First is IMEMO. IMEMOs stand for internal memos. They are classes that are used internally in Ruby. The Ruby internals are Ruby objects that shouldn't be exposed and therefore are hidden. In order to ensure that they don't get exposed, iMEMOs are specified as the class type so it's more explicit.
Next is an iseq. An iseq, or instruction sequence, is an object with the type of imemo. Instruction sequences are written in c and are compiled to get Virtual Machine instructions. Instruction sequences are important because they are often pointing or referencing objects like strings or other iseqs that we are trying to unpin or not pin in the first place, so that they can be moved and have their references updated. Iseqs were also quite important to us at this point because a lot of the work we did was to disassemble these instruction sequences on compaction in order to allow them to move.
CDHash. A CDHash is a part of a set of instructions. It's a Ruby hash that is stored IN the instruction sequences. When the code is compiling, these instruction settings happen last. This means that objects in the CDHash need to stay alive until the instructions are all set and compiled. In this scenario, alive means that we want to make sure it doesn't get garbage collected before the insturction sequence finishes compiling. When a CDHash is garbage collected before the instructions are finished compiling, the entire program crashes. Understanding this fact was vital in debugging an issue that was happening when we were disassembling the instruction sequences.
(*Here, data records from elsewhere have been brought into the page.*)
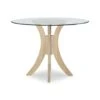 T-148B-36-Glass Sienna Glass Top Table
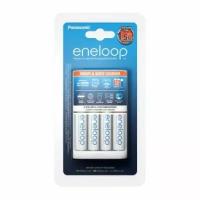 Зарядное устройство Panasonic Eneloop Smart & Quick K-KJ55MCC40E + 4шт АА 1900 mAh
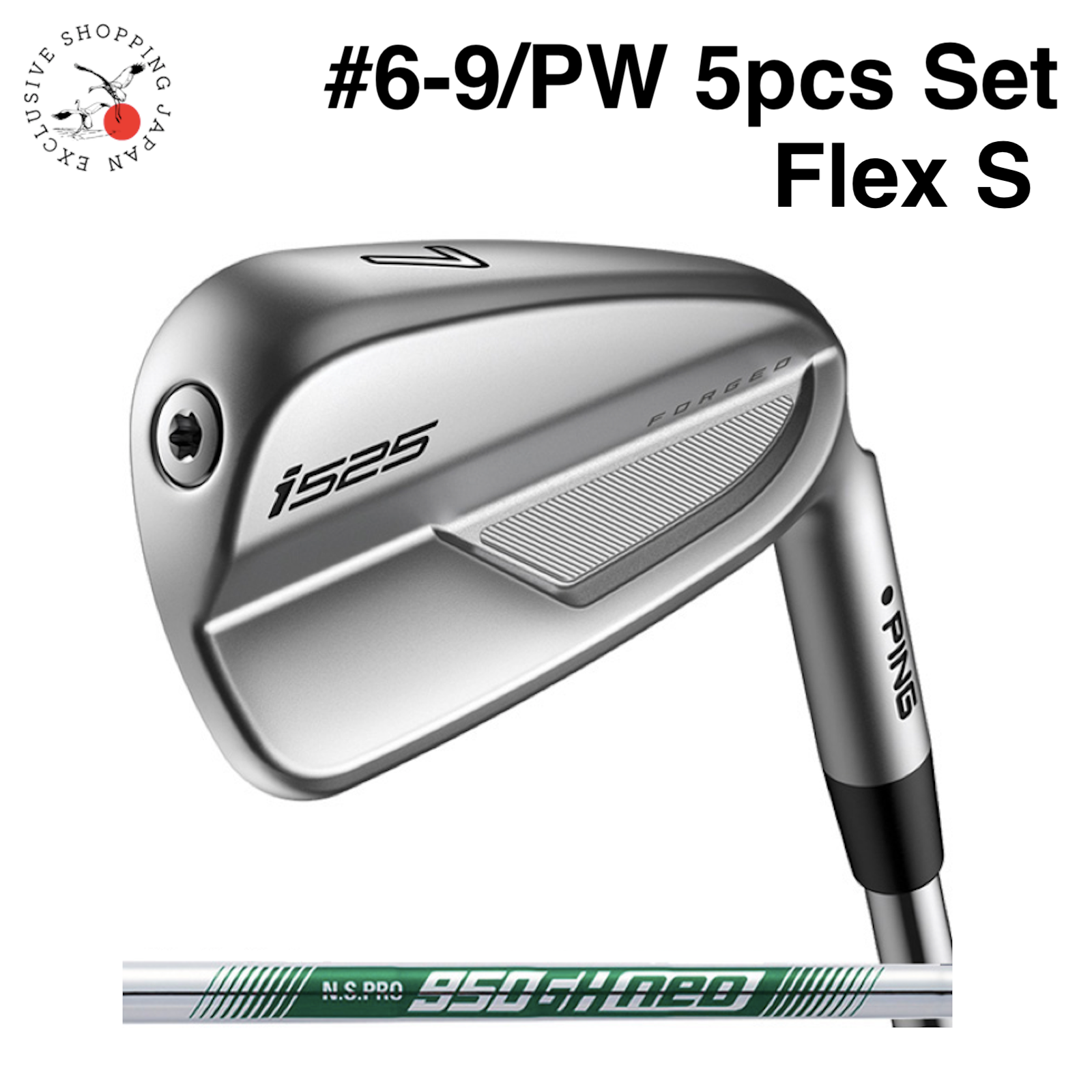 PING Golf i525 Iron Set #6-9 + PW 5pcs Set NS PRO 950GH Neo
The final term I'll go into is an embedded array. Through this whole dive in to instruction sequences, we talked a lot about arrays. You can see in Tenderlove's post a whole segment on instruction sequences and how they relate to a mark array which affects memory savings potential by reducing the size of the mark array. Though this, I learned there are embedded arrays and non-embedded arrays. An array is 40 bytes. A normal array points at malloc data with a specific size (and then the array size can grow) but if an array is small enough, we don't want to allocate any data. If the array has less the 40 bytes of data, then instead of mallocing, we can just store the data in the array itself and then change it to malloc data if the array is more than 40 bytes. When this happens, the elements of the array are embedded inside the array itself instead of in the malloc (memory allocation) meaning it's an embedded array.
Hope this is helpful and allows some of you who are less certain of the complex technical terms to feel like you can dive in and continue to follow our work.